For 23 years I’ve lived under one significant assumption. It has been the benchmark of my experience as a human being; it has colored every aspect of my existence. Nothing, no piece of information, no circumstance, no setting, passes through my lens without being scrutinized by the eye of faith – a very specific faith, one that holds true and literal all stories and teachings in the Bible, one that relies on a creator in three persons but who is one being, one that supposedly “rests” on promises made by a man, Jesus, and his followers two millennia ago.

This belief is so all-encompassing that it delineates who I am in reference to the rest of the people around me; in fact, the rest of the world. Essentially, I’m “in” – eternally secure, saved, sanctified, bought with the blood. Anyone who does not believe as I do is not “in.” This is how I was brought up to view the world. Two sides, two warring parties, one victor and one defeated rebel – and I am nestled happily with the flock inside the narrow gate.

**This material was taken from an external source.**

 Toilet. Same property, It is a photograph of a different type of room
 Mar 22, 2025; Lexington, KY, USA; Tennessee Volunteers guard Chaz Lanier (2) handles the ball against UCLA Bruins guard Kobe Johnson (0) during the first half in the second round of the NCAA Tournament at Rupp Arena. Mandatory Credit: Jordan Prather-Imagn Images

Who would even begin to question this philosophy if it’s what you’ve known since you were able to register memory? As a member of the Christian faith, everything is for you, God himself cares for you and knows you personally, mysterious cosmic forces are orchestrating a beautiful destiny for you specifically. This faith has an answer for everything, from rainbows to rock strata to why snakes have no legs. Even seemingly inexplicable realities such as pain, devastation, and suffering are easily thwarted as pastors and preachers construe meaning for every heartache from principles taught in Scripture.

When you’re a Christian, it’s so easy to be right, and the best part is: you never have to second guess.

I’m so fed up with easy answers. Throughout the course of my short life, I continually find myself at breaking points where I realize how my narrow, insular worldview has made me numb and indifferent to the reality of what’s going on around me. Time after time I find myself broken and having to acknowledge my prejudices and vices, harmful attitudes and presuppositions that are the source of that dividing wall of hostility between me and those who don’t adopt my beliefs. And with every moment of epiphany I become further frustrated with the so-called “easy answers,” mainly because I find that they in no way live up to their namesake.

There is no easy answer. Every presupposition from my youth has been a very poor disguise to make palatable the bitterness that pervades my chaotic existence. Not having to question my basis for belief led me to dark, dark places and has ultimately left me dissatisfied and angry with, and mostly hurt by, a God who, if he exists, cannot possibly be what I’ve assumed him to be.

For some time now I’ve felt lost – sometimes drifting, sometimes vehemently opposed to everything I’ve built my life around, sometimes desperately in need of grace (from God or man, I don’t know which), and sometimes clinging with every last hope within me to the fragments of faith that remain. Why I’m here, why I am writing this, is because I have to uncover the missing pieces; I have to go behind the veil that obscures the meaning in this world. Life is not random or coincidental – I am sure of this. Too much evidence says otherwise. As long as I can reason, emote, and feel, I have to pursue meaning. The choices I make depend profoundly on what I believe about why I am here. I don’t know where I’m going on this journey, but here I am losing the presupposition and bias that has so colored my worldview. Faith is what is it is – a perspective-shaping belief that one cannot prove – but the kind of faith I’ve known up to this point is simply insufficient. It does not answer the questions I need answered.

This is my second guess at what life is all about.